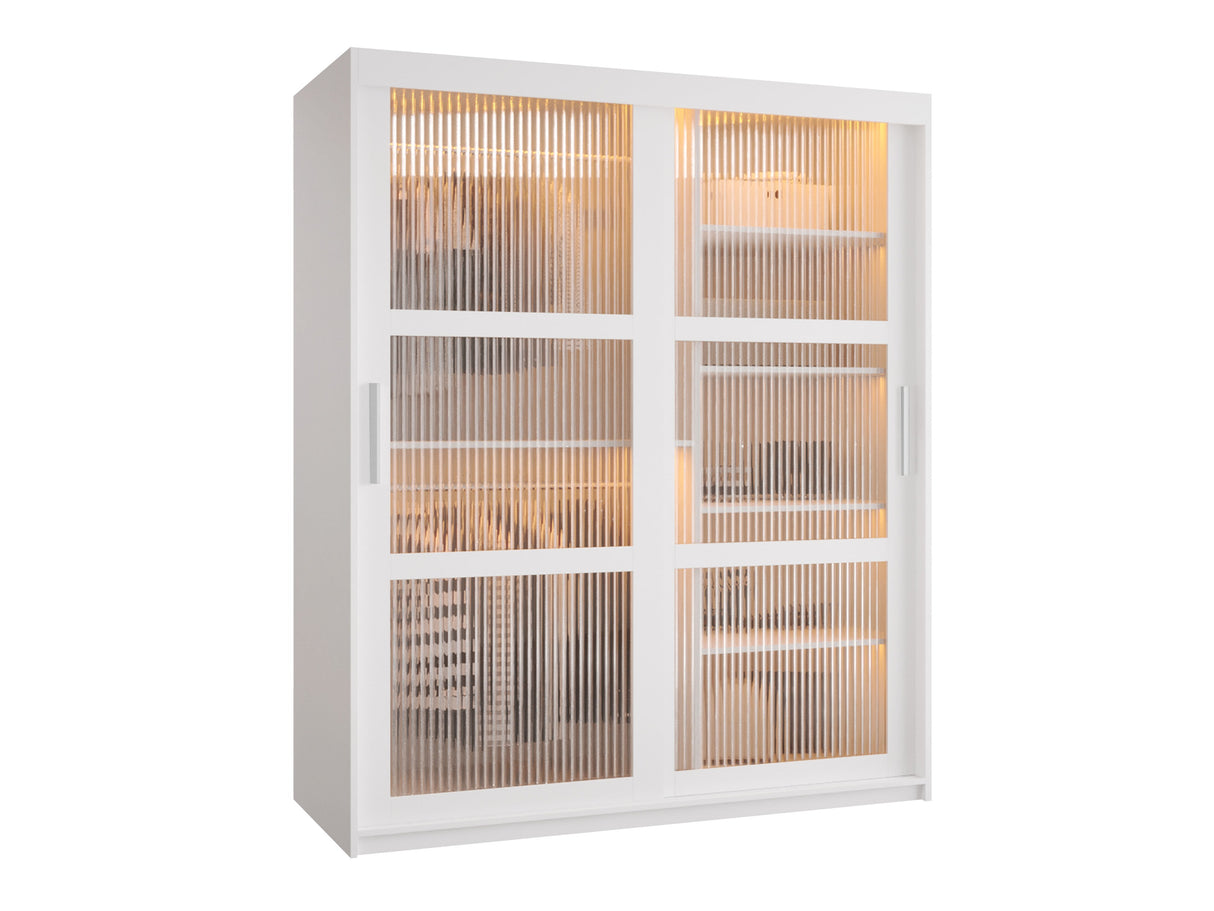 Gardróbszekrény Szafa 100 FLUTES, Szín: Fehér, Fiókok: Nem, Szélesség: 150 cm, Led világítás: Igen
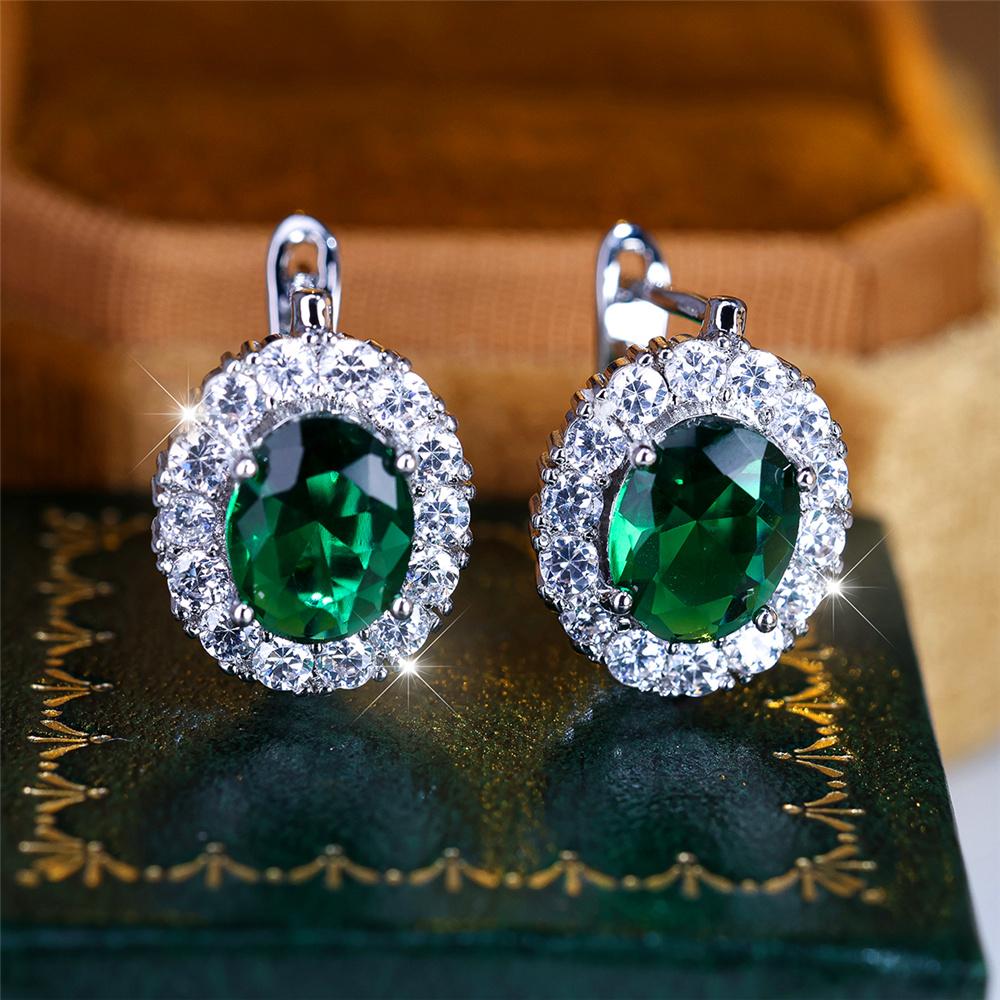 Cute Small Blue Green Zircon Stone Hoop Earrings For Women Charm Female Silver Color Wedding Jewelry Gift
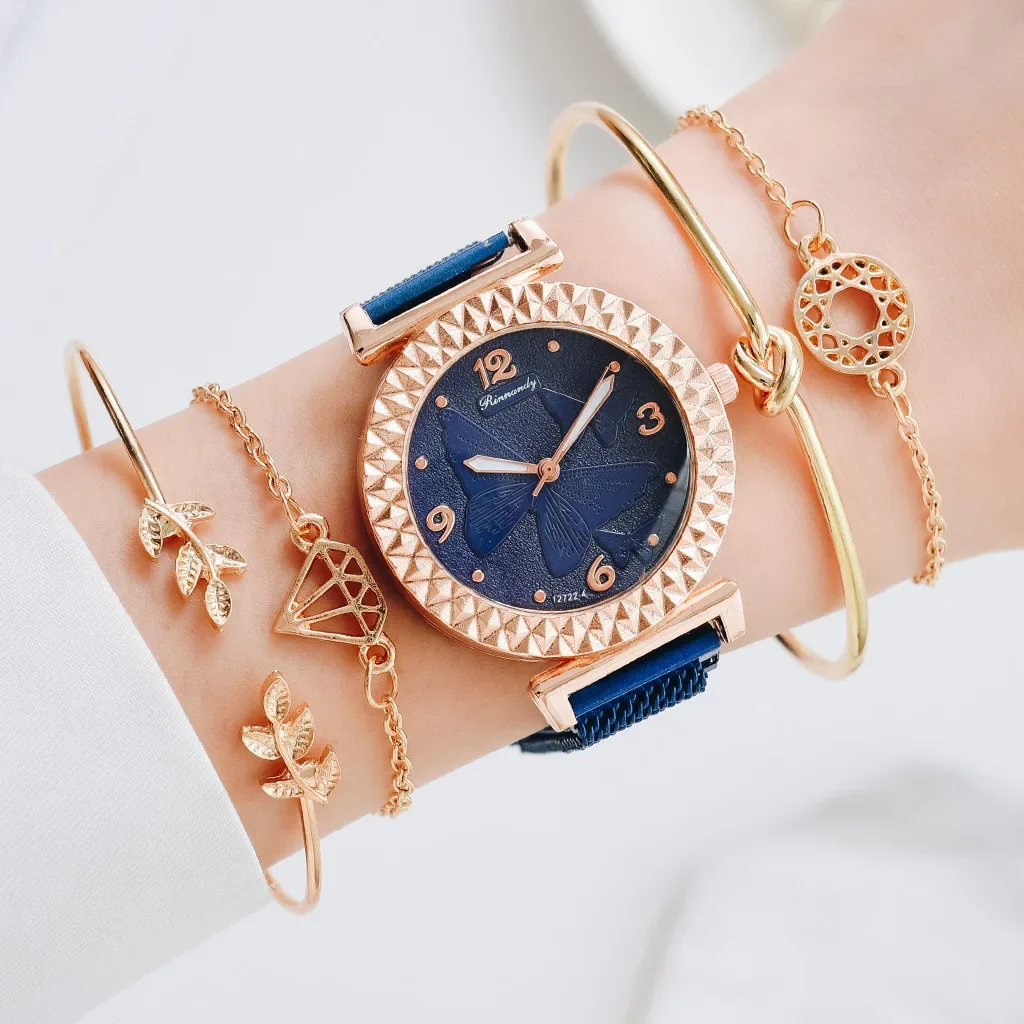 5pcs Luxury Bracelet Watch Set Women Elegant Magnet Diamond Ladies Quartz Wrist Watch Dress Pink Clock Reloj Mujer image 5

----

* Directions: Only the lines from the beginning of the listing through the line with "Cute Small Blue", both ends included, are to be repeated exactly; pictures stay out.

* Expected output:
 Gardróbszekrény Szafa 100 FLUTES, Szín: Fehér, Fiókok: Nem, Szélesség: 150 cm, Led világítás: Igen
 Cute Small Blue Green Zircon Stone Hoop Earrings For Women Charm Female Silver Color Wedding Jewelry Gift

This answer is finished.